The female will spend more time studying than male, the female’s median is higher as well.

ggplot(gpa, aes(x = gender, y = out, fill = gender)) +
    geom_boxplot() +
    labs(title = "6. Going Out Hours by Gender",
         x = "Gender", y = "Hours Going Out per Week")

This time, the plot shows that male often spend more time going out more than the female.

ggplot(gpa, aes(x = sleepnight, y = gpa)) +
    geom_point() +
    geom_smooth(method = "lm") +
    labs(title = "7. Does Sleep Affect GPA?",
         x = "Hours Sleep per Night", y = "GPA")

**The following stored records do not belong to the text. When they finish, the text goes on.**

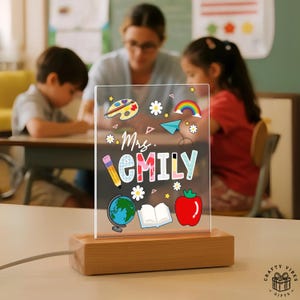 Personalized Teacher Gift Acrylic Night Light Back to School Teacher Night Light School Keepsakes Bedroom Lamp Night Light Teachers Gifts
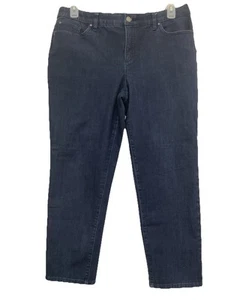 Chicos Jeans Womens 2R US 12R Fabulously Slimming Ankle Leg Stretch Dark Wash - Picture 1 of 20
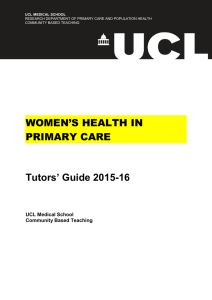 WOMEN’S HEALTH IN PRIMARY CARE  Tutors’ Guide 2015-16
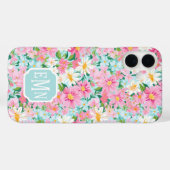 Buntgarten-Monogramm Case-Mate iPhone Hülle (Rückseite (Horizontal))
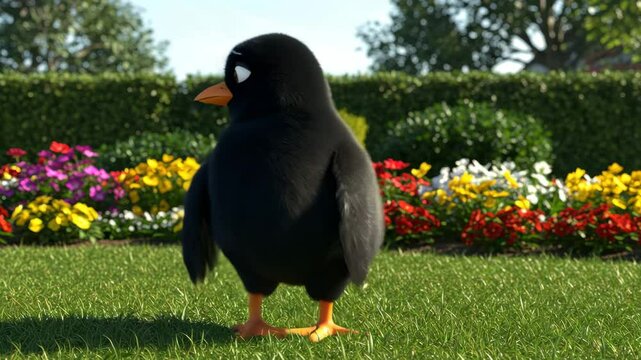 Charming Black Animated Bird Interacting Playfully in a Colorful Garden Full of Blooms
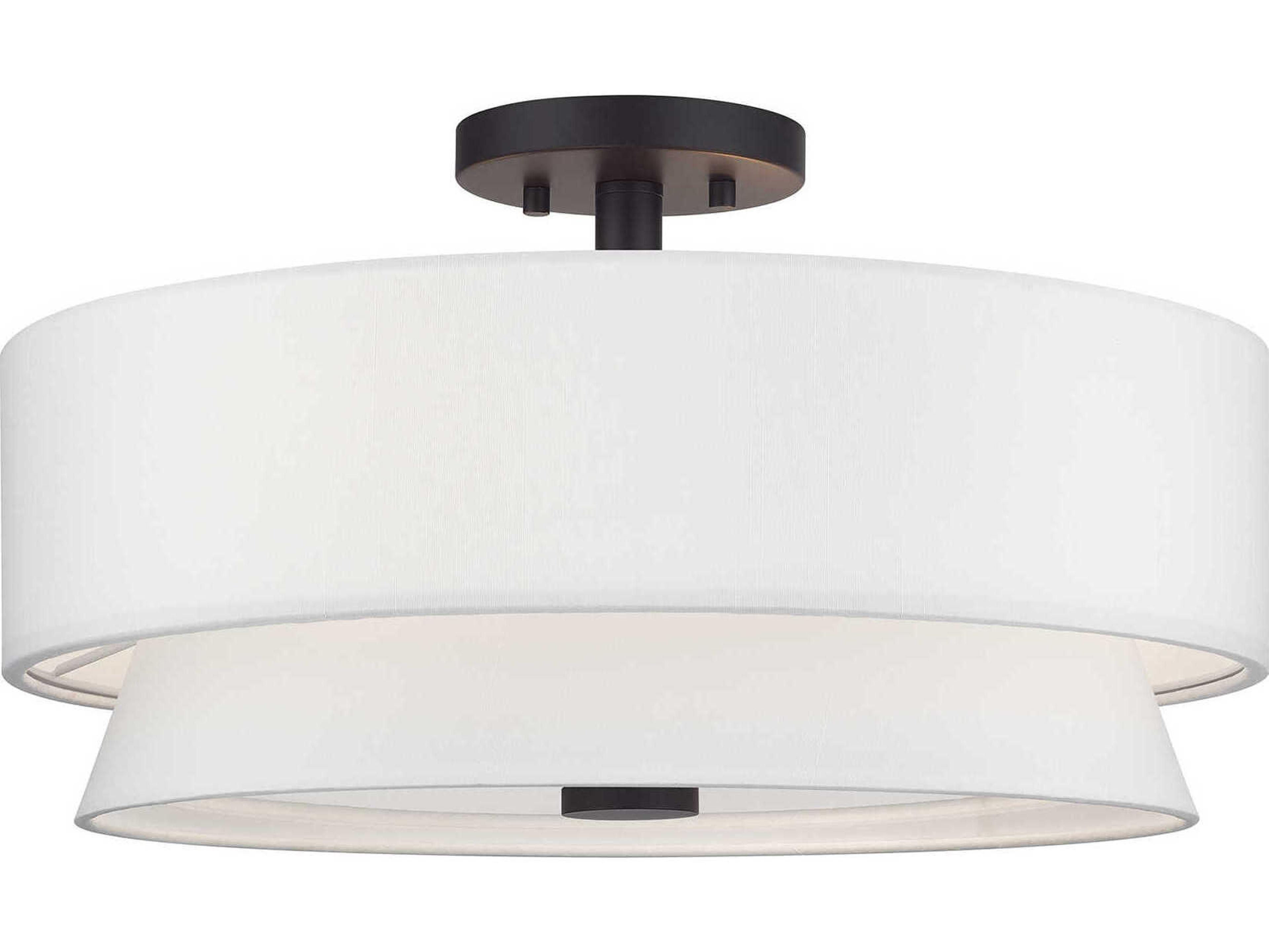 Livex Lighting Fontana 4-Light Bronze Drum Semi Flush Mount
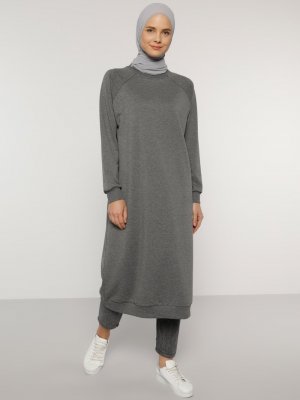Antrasit Bisiklet Yaka Sweatshirt Antrasit Bisiklet Yaka Sweatshirt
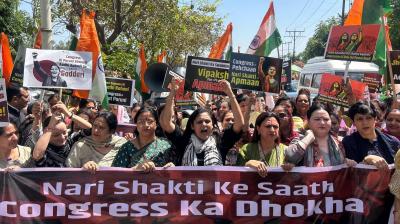 जम्मू में भाजपा की आक्रोश रैली में महिलाओं ने कहा-आरक्षण हमारा हक, लेकर रहेंगे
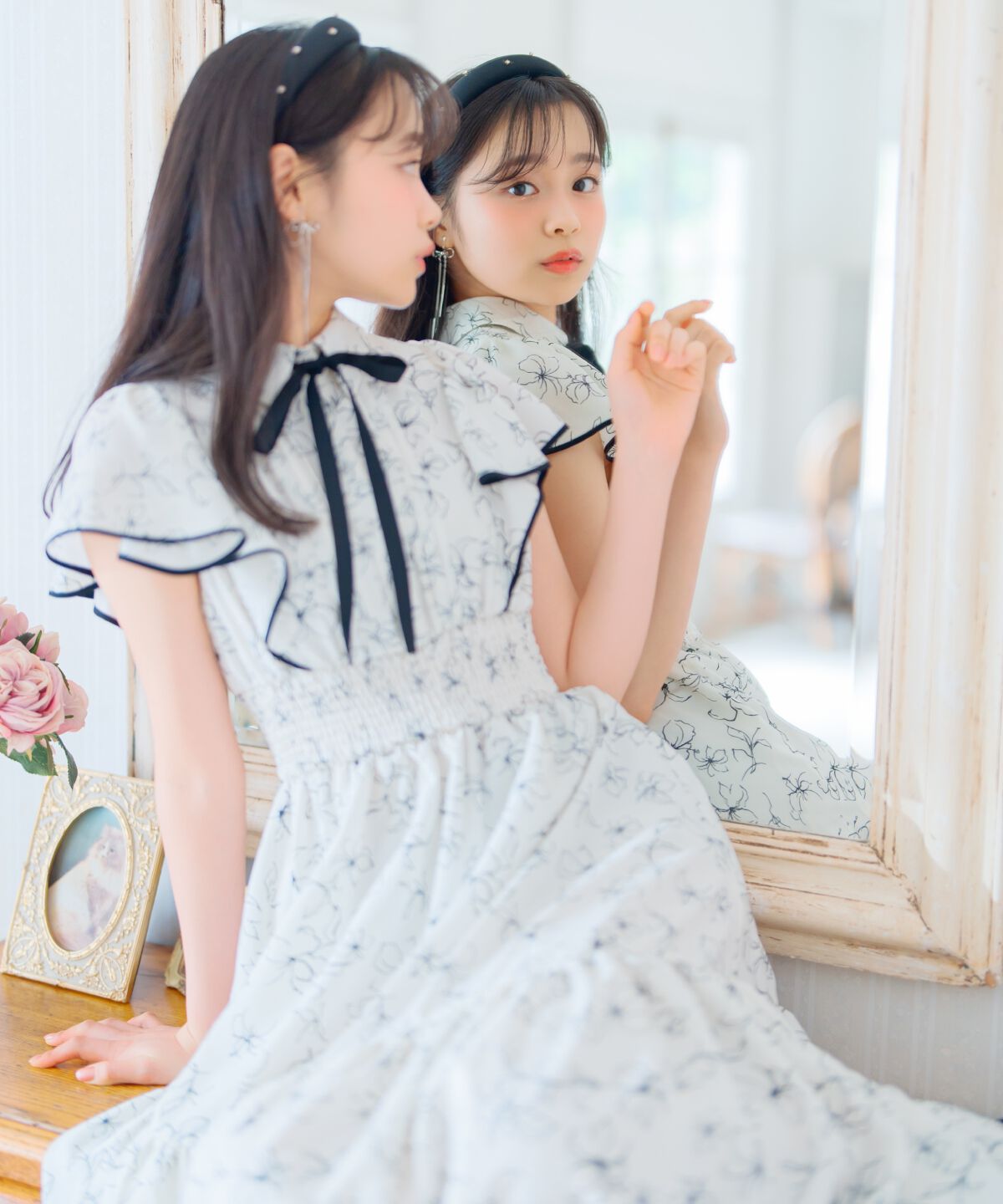 WILLSELECTION「ラインフラワーパイピングティアードワンピース」|ワンピース|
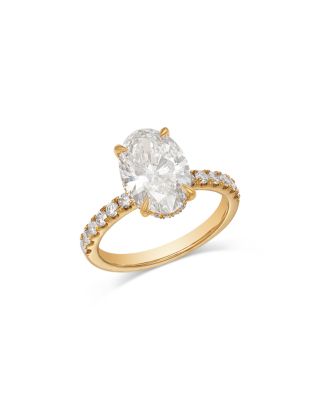 Luxe Collection Certified Lab Grown Diamond Oval Engagement Ring in 14K Yellow Gold, 3.5 tcw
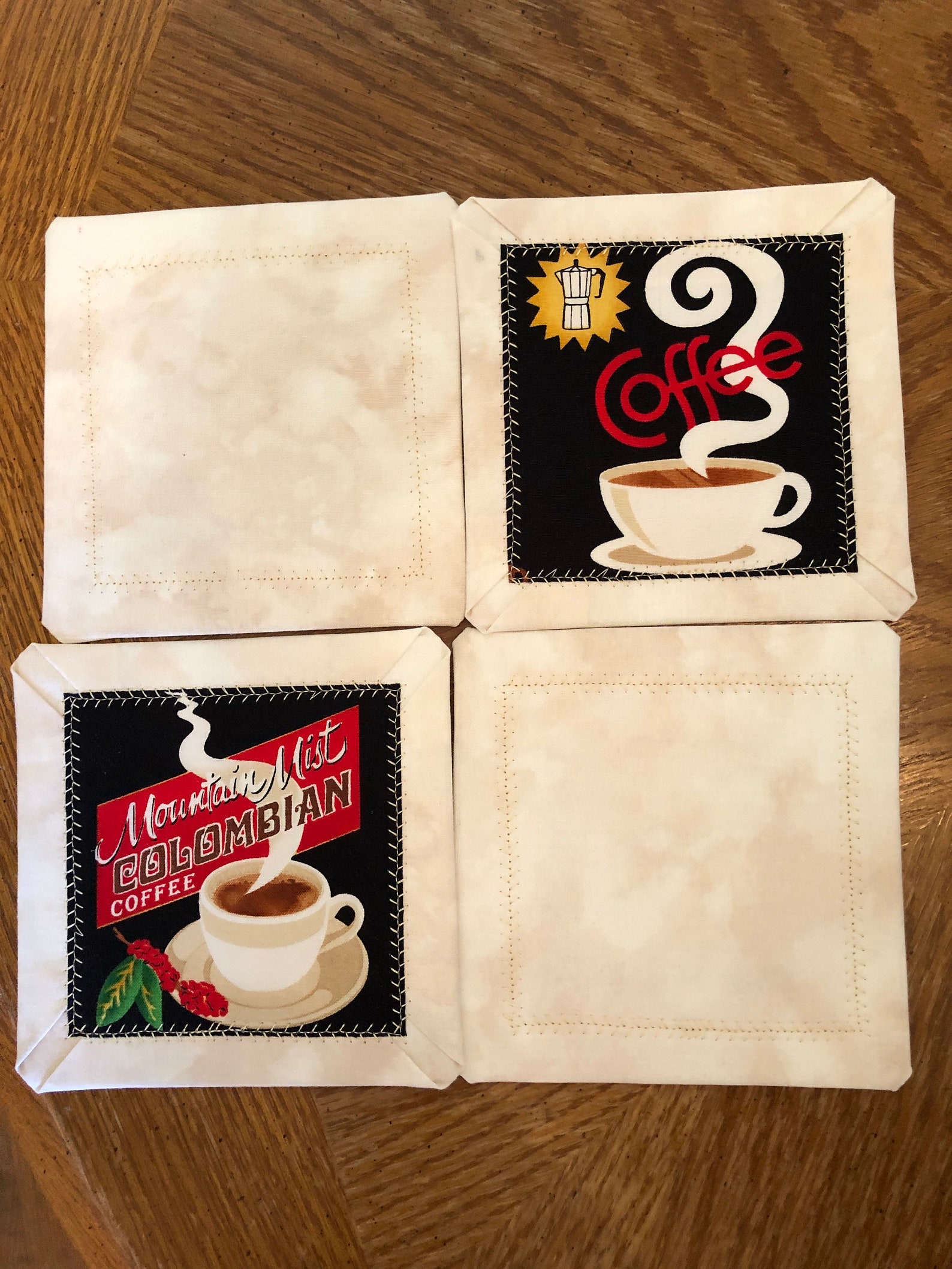 Coffee Coasters Set of 4 Size 5 Inches Square Etsy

## `geom_smooth()` using formula = 'y ~ x'

The Trend Line: The blue line is nearly horizontal. It slopes up very, very slightly, but it is almost negligible. This indicates that, on average, getting more sleep (from 5 to 9 hours) does not strongly correspond to a higher GPA in this specific group of students.
The Scatter: Look at the vertical columns of dots at 6, 7, and 8 hours. At 7 hours of sleep, for example, GPAs range from as low as ~3.1 to as high as 4.0 (and one outlier even higher). This wide spread means that sleep duration is not a good predictor of GPA for these students.
The Outlier: Once again, you can see that single student with the >4.6 GPA appearing between 6 and 7 hours of sleep. This outlier pulls the line up slightly, but even with it included, the relationship remains very weak.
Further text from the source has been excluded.